Le maestose arcate severiane da una parte, gli Orti farnesiani e le suggestive rovine dei Fori dall'altra. E sullo sfondo una visuale unica, che comprende tutta la città e oltre, dai Colli Albani al monte Soratte celebrato da Orazio. Proprio da quel colle Palatino dove Roma nacque e crebbe e che ancora conserva i resti delle residenze imperiali, da Augusto a Domiziano.
È in questo angolo di paradiso, fra il Colosseo e il Circo Massimo, che l'architetto Francesco Prosperetti, arrivato a febbraio a guidare la Soprintendenza archeologica, vorrebbe realizzare un ristorante di lusso per rimpinguare le esangui casse ministeriali. Camerieri in livrea sulla terrazza dell'Antiquarium e negli spazi al secondo piano che oggi ospitano la biblioteca Palatina, pochi tavoli per un pubblico selezionato, menu a prezzi non propri popolari: un esempio di quella valorizzazione che punta sui servizi aggiuntivi (bar, tavole calde, bookshop) per accrescere i fondi destinati ai beni culturali, ma che finora quasi sempre si è rivelata un affare solo per i privati.
Sarà così anche ai Fori? Impossibile saperlo adesso. Di certo il progetto - che nelle intenzioni dovrebbe essere terminato nel 2016 - procede a ritmo spedito. E proprio in queste settimane sono in corso gli accertamenti nell'edificio per verificare la fattibilità: agibilità, accertamenti strutturali, adeguamento dell'impianto dell'ascensore. Dell'intenzione di trasformare la biblioteca in un locale deluxe per pochi intimi Prosperetti aveva già parlato l'estate scorsa.
Adesso, con l'approvazione del bilancio per il prossimo triennio nei giorni scorsi, ci sono anche i primi stanziamenti. A quanto risulta all'Espresso, secondo i calcoli degli uffici con 1 milione circa si potrebbe trasferire la biblioteca (a Palazzo Altemps) e adibire a ristorante il secondo piano e la terrazza dello stabile.
Non mancano tuttavia le controindicazioni, che hanno fatto storcere il naso a più di un funzionario. A cominciare dal fatto che realizzare un ristorante sul Palatino, per quanto raffinato, comporterebbe un discreto viavai nel bel mezzo dell'area archeologica, dai furgoni dei fornitori a quelli della lavanderia industriale.
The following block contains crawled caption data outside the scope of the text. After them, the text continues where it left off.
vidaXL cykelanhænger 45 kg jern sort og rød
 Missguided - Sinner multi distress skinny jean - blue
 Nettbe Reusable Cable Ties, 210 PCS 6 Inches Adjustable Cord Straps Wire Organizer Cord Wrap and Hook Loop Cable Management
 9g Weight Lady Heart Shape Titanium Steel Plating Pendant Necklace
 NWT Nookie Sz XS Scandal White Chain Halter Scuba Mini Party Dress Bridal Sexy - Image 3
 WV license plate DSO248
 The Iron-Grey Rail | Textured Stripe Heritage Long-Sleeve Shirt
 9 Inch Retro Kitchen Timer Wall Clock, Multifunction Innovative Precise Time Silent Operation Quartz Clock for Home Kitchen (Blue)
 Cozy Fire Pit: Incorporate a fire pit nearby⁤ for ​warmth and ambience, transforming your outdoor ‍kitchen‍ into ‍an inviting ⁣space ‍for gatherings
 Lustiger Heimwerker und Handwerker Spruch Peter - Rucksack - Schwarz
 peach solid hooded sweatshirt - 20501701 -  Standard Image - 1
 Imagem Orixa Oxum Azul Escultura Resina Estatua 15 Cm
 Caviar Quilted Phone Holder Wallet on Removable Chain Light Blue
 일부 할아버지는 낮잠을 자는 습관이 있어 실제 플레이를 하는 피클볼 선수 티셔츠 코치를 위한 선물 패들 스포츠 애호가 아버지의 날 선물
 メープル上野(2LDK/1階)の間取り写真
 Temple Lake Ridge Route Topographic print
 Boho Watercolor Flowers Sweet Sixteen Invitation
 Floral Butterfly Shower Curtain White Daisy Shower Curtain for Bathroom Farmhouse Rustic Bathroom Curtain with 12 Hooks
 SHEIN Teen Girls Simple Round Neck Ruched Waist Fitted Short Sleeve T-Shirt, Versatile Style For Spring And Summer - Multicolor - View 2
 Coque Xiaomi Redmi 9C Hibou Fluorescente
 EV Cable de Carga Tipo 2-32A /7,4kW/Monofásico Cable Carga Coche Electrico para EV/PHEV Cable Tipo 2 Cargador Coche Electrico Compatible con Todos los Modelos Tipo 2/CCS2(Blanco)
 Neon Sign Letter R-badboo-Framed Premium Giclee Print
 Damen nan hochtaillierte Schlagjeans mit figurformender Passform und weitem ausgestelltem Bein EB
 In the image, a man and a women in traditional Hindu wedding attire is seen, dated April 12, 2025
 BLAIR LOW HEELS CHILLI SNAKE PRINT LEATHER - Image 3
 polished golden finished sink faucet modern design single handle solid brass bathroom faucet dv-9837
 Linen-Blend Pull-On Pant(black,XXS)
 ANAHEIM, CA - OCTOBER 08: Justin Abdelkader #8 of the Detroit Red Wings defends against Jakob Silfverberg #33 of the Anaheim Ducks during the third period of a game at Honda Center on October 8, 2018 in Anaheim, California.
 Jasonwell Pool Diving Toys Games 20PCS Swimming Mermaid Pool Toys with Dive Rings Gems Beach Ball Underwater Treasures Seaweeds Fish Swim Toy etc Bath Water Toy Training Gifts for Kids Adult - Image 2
Senza contare che - almeno allo stato attuale - non sempre i servizi aggiuntivi sono così vantaggiosi per le casse statali, come mostra proprio il caso della Soprintendenza archeologica di Roma: l'affidamento alla berlusconiana Electa-Mondadori e alla rossa Coopculture risale al 1997, è scaduto nel 2009 e da allora i concessionari vanno avanti a colpi di proroghe anno dopo anno.
E con la motivazione che in regime di proroga non è possibile modificare le condizioni contrattuali, non è mai stata rivista la ripartizione degli utili. Che non è proprio il massimo per lo Stato, che incamera l'86 per cento dai biglietti ma solo il 30 per cento dalle visite nei siti a ingresso limitato, il 25 per cento da libri e gadget e, soprattutto, nemmeno un euro da audioguide e visite guidate ordinarie (che l'anno scorso a Roma hanno prodotto 3 milioni di incasso, andati tutti ai privati).
Dal momento che l'affidamento non comprende la ristorazione, per il Palatino servirebbe fare una gara. Nella speranza di spuntare quanto meno condizioni vantaggiose, se proprio si intende mettere un gioiello a disposizione di una clientela facoltosa per una indimenticabile cena a lume di candela vista Fori. Aprire un ristorante infatti, per quanto di lusso, non è necessariamente sinonimo di affari a gonfie vele per il pubblico.
A Roma l'unico museo che, oltre al bar, ha anche una tavola calda è la Galleria d'arte moderna a Valle Giulia. Nel 2014 gli incassi hanno superato 1 milione ma al museo sono andati solo gli spiccioli: appena 83 mila euro, poco più del 7 per cento.